*** DATA EXTRACT Section Begins ***

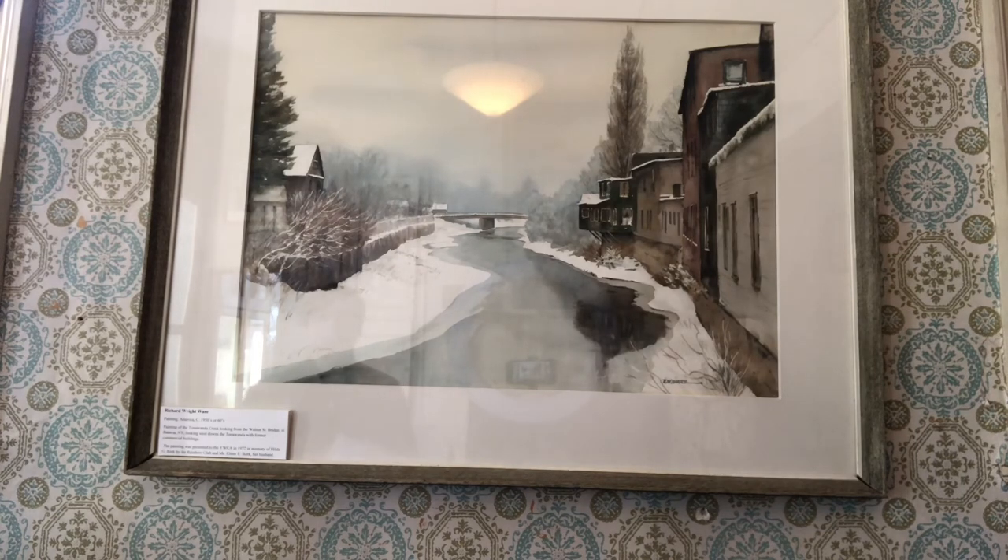This painting was presented to the YWCA in 1972 in memory of Hilda G. Bork by the Rainbow Club, and it was purchased by the museum in the early 2010s and has been on display ever since. It is not the only work we have by Ware — we have two other works, and one in particular is of the Holland Land Office, so we're very happy to have that.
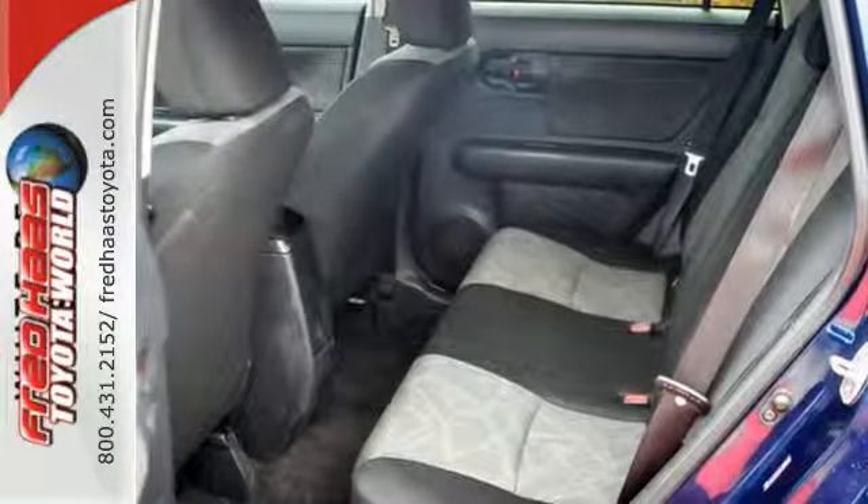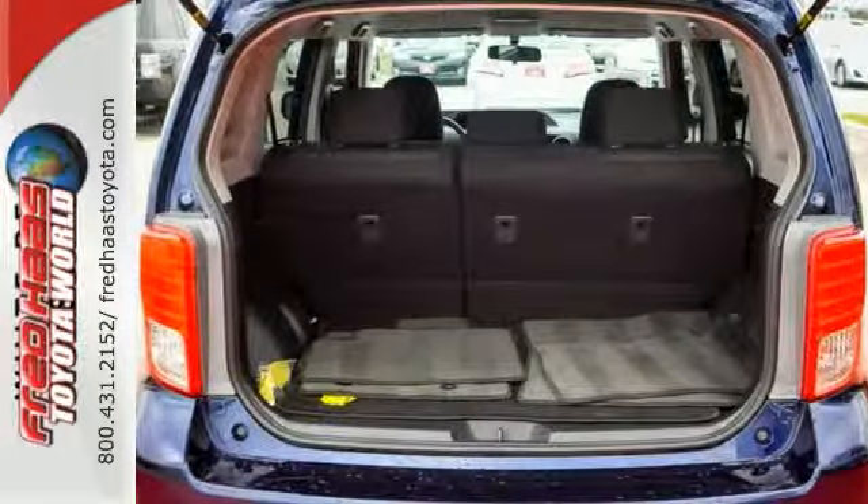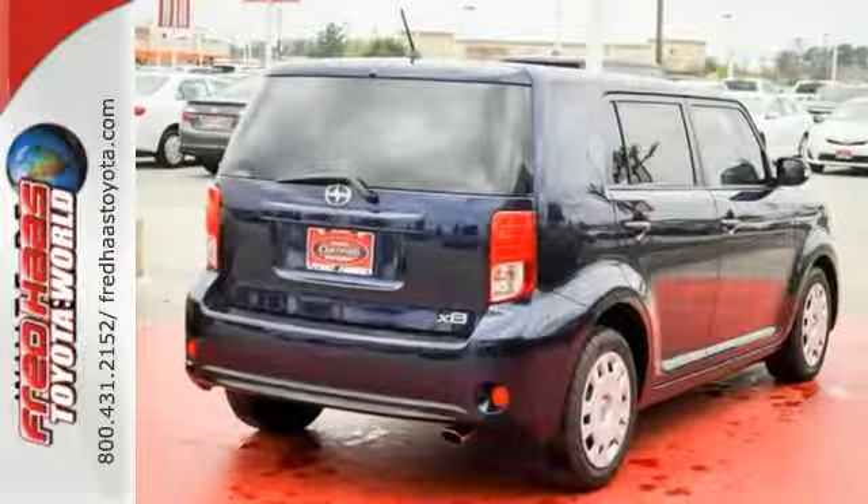You also get steering wheel audio controls and a premium audio system with a CD player. Take a test drive in this stylish 2013 XB today.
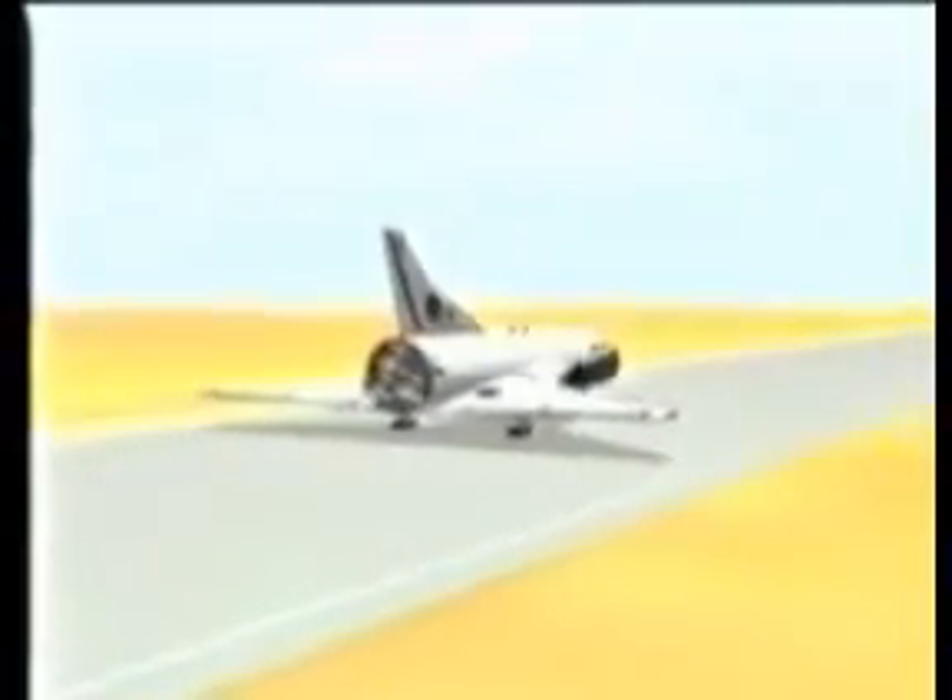From its tow launch to touchdown, the entire Eclipse launch mission has lasted only 30 minutes.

*** DATA EXTRACT Section Ends ***

### EXERCISE DESCRIPTION
In your transcription of the listing above, match each line exactly and include no pictures.

### PROBLEM SOLUTION
This painting was presented to the YWCA in 1972 in memory of Hilda G. Bork by the Rainbow Club, and it was purchased by the museum in the early 2010s and has been on display ever since. It is not the only work we have by Ware — we have two other works, and one in particular is of the Holland Land Office, so we're very happy to have that.
You also get steering wheel audio controls and a premium audio system with a CD player. Take a test drive in this stylish 2013 XB today.
From its tow launch to touchdown, the entire Eclipse launch mission has lasted only 30 minutes.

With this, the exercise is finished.